Or some combination of them.

For low priority monuments - which is almost all of them - I'd just use the slow build option, unless my manpower is near the cap. Except for Alhambra, which got absolute priority, the rest of the monuments (and arguably a few others like Bagan Temples for +2 missionaries, Kanbawzathadi Palace for +2 diplo relations, or Krakow Cloth Hall for +2 merchants) can wait - I start tier 1 everything, then tier 2 everything. Once I finish all tier 2 upgrades and manufactories, I guess I'll upgrade them to tier 3.

I got into another fight with the Mamluks, just for Syria's cores, and Poland got curia controller and declared a new crusade on the Mamluks. Well, they could have done it a few month earlier. Oh well, it lasts a while. I took Mecca for +1 missionary - this is one of the few modifiers which they didn't turn into a monument.

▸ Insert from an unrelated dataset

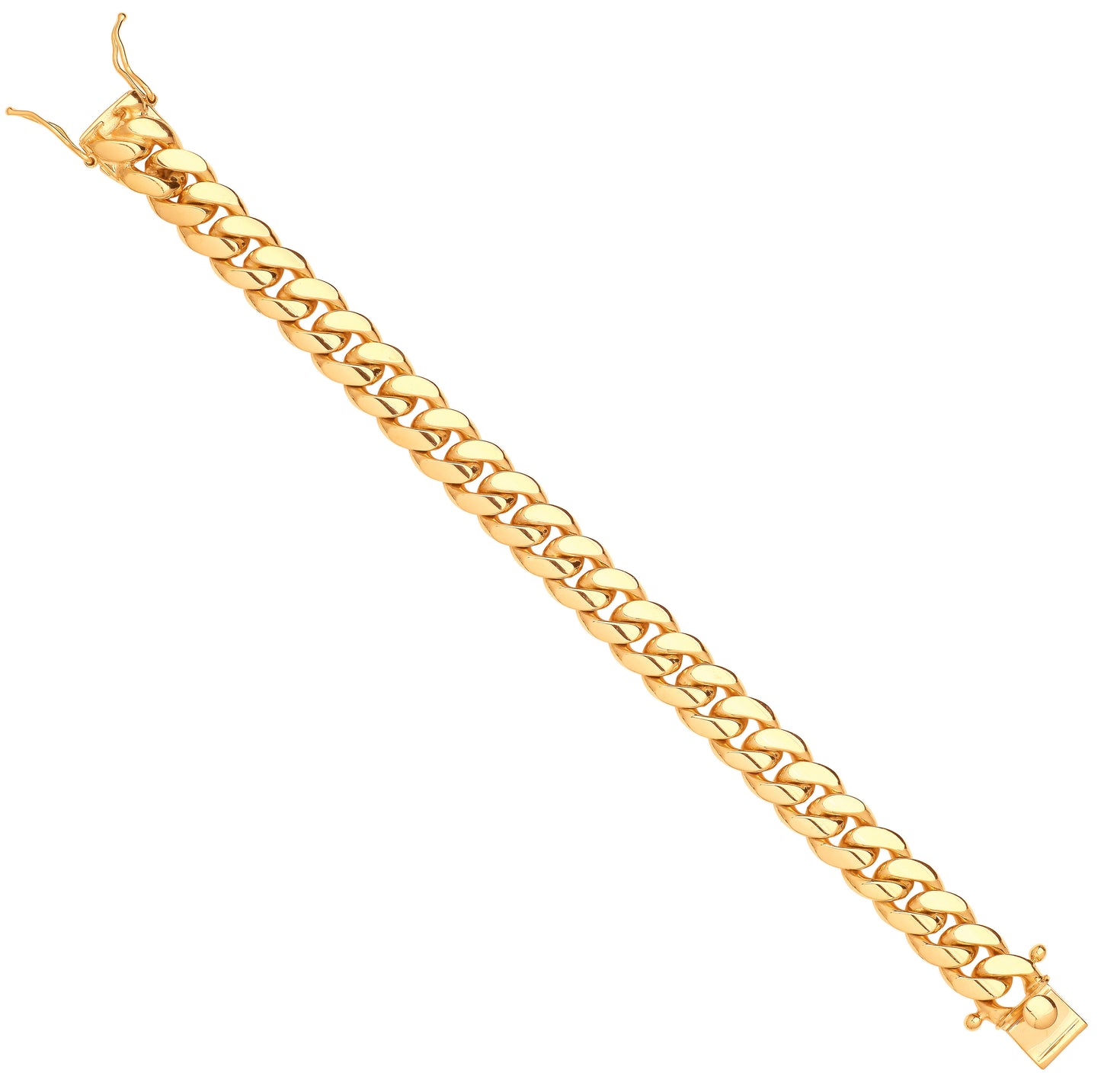 Yellow Gold 12mm Cuban Link Solid Gents Bracelet - 9ct Gold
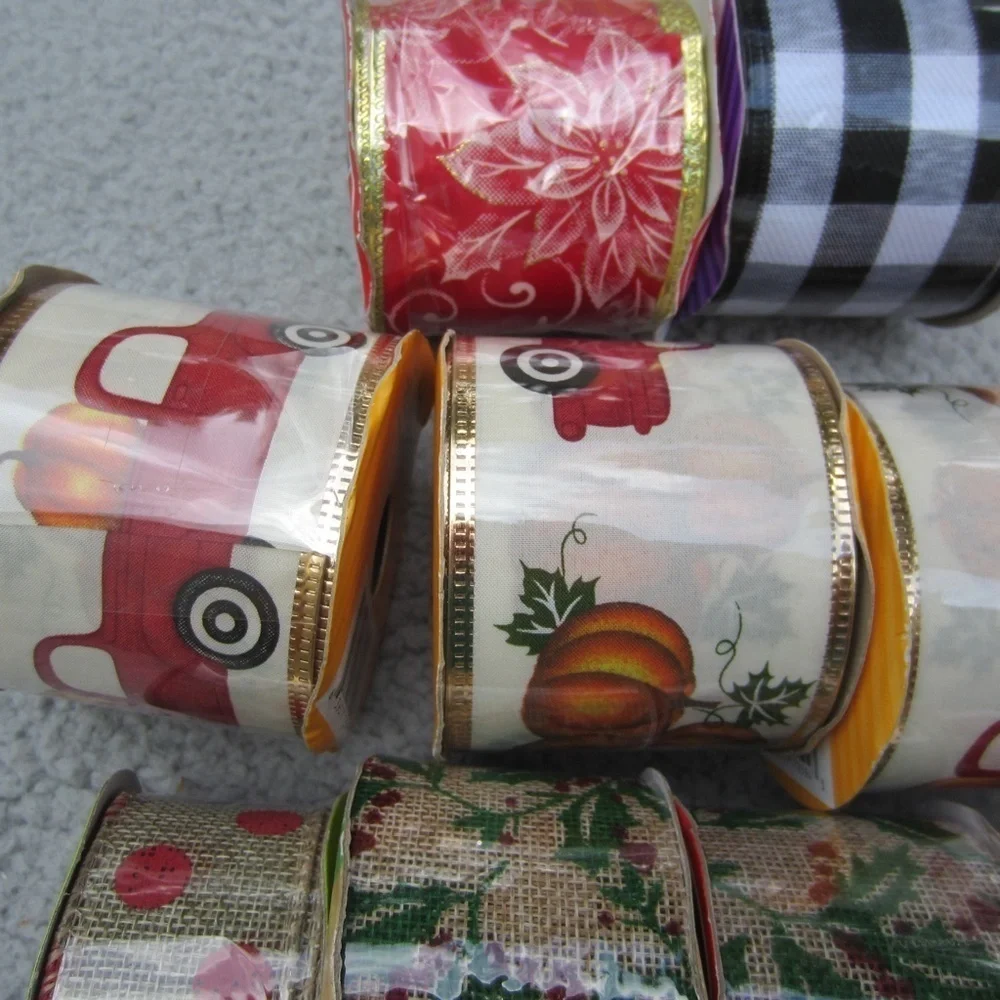 Christmas Ribbon Rolls Lot of 10 Crafts Holiday DIY Sewing Wrapping Gifts Bows N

I was trying to rush as many colonial nations as I can before someone else does, and I get papal ban. That meant sending a lot of troops to conquer Mexico. Unfortunately at the same time my French truce expired, and I had to attack them for vassal cores, but I couldn't actually do two wars so far away from each other. It's far too exhausting to keep flipping back and forth, so I had to leave French wars to my allies.

As I couldn't really fight the French, I instead went after Portugal, and took over their colonial nation on Caribbean. The Pope still bans me from colonizing, it, but there are no penalties for taking it by forces.

From France I took vassal cores and setup Burgundy as new vassal for the next war. I also want to take Paris and London for all their monuments (2 each!), but that might need to wait.


It's like Roman conquest of Gaul all over. I'm more than halfway there to Restore Roman Empire button, and I don't think I ever actually bothered, so I guess it's this campaign.

Subject Overextension is just a number. I handed over my Roman Mexico 340dev (only 28 cored) and there's about 200dev more to handover. I have 2 CNs so far, but I'll have 2 more soon (Caribbean just wait for cores, and East Coast only waits for last colony). I guess I can just seize French Canada and Castilian Brazil at my convenience.

Recent patches introduced different colony types etc. but for now I've been mostly spending tons of resources for some pretty colors on the map. Which is very historically accurate.

Monday, December 27, 2021

Montferrat: Part 10: 1541-1549: The Great Crusade

I really didn't want to fight Castile and Mamluks at the same time, as both their navies were very strong, and could prevent me from moving my troops around. Removing straits from the game really drastically improves me like that - all those considerations would be completely missing in vanilla with magical bridges everywhere.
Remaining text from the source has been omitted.